The Fourth Sunday of Advent



My bad. My opener in this week’s Constant Contact talked about the Annunciation. Well, that’s the Gospel on the fourth Sunday of Advent…but in year B and we are in year C. It’s actually the story just before today’s reading. So, as the saying goes, “right church, wrong pew.” Guess I need to relearn my “ABC.”


Now then about this passage. We find poor frightened Mary. Overwhelmed by her unexpected circumstance in life, she asks her parents if she might get some breathing room by leaving town for a bit to go visit her favorite cousin, Elizabeth. I wonder if Elizabeth was not more like a best friend, an older sister, to Mary. This text has become the basis for religious art that depicts what the church has called “the Visitation.”

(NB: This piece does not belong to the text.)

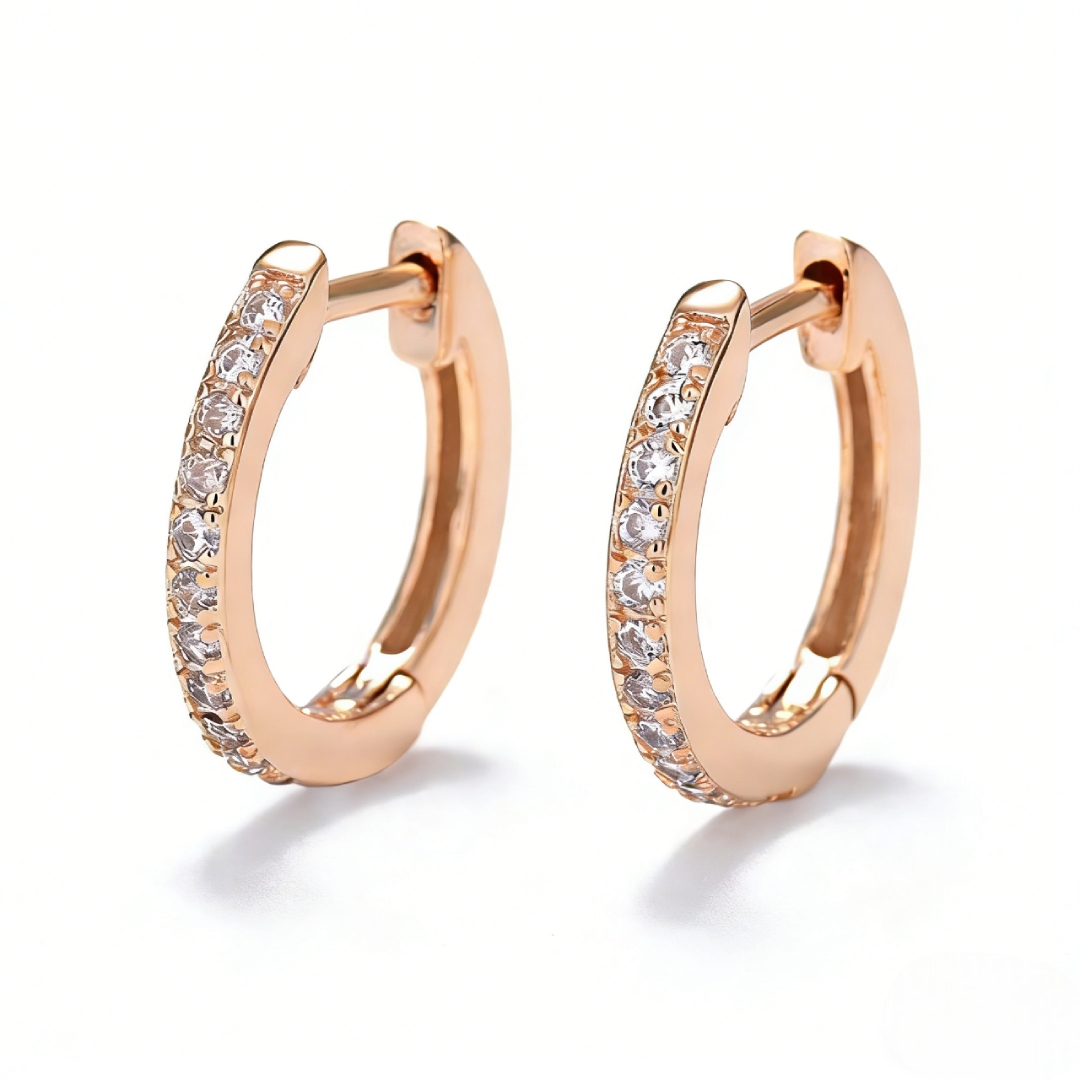 Women's Iced Out Hoop Earrings Gold With Street Luxury Shine - Image 4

Now Elizabeth was of far advanced age, a big risk involved for her unexpected pregnancy. Mary “set out and went with haste” to visit her who has been in seclusion for sixth months. To get to Elizabeth’s dwelling in the hill country, Mary had to travel some forty or fifty miles south through the Great Plain of Esdralon over the mountains of Samaria. That was quite a journey. And dangerous, probably on a donkey. Imagine how long that must have taken.

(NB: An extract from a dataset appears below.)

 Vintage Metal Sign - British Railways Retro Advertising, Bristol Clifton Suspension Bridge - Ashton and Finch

When she arrives in the uplands of Judah and beholds the very pregnant and gray-haired Elizabeth, she is caught off guard by Elizabeth’s announcement: “Blessed are you among women and blessed is the fruit of your womb.” There are numerous paintings which portray this meeting of Mary and her cousin in a warm, tender embrace, all titled “the Visitation.”


But how did she know? Who told Elizabeth about Mary’s pregnancy? There was no mail or telephone in those days, no singing telegrams, clearly no Wi-Fi. And to Mary’s further surprise, Elizabeth asks no questions, makes no judgments, but takes her in her arms and assures her that all will be well and, in fact, the baby in Elizabeth’s womb leaped for joy when the two embraced. Even John, Elizabeth’s son still in utero, one day to be the prophet whose voice would be heard in the wilderness, had witnessed to the truth that Mary bore the embryo of the Savior of the world in her womb.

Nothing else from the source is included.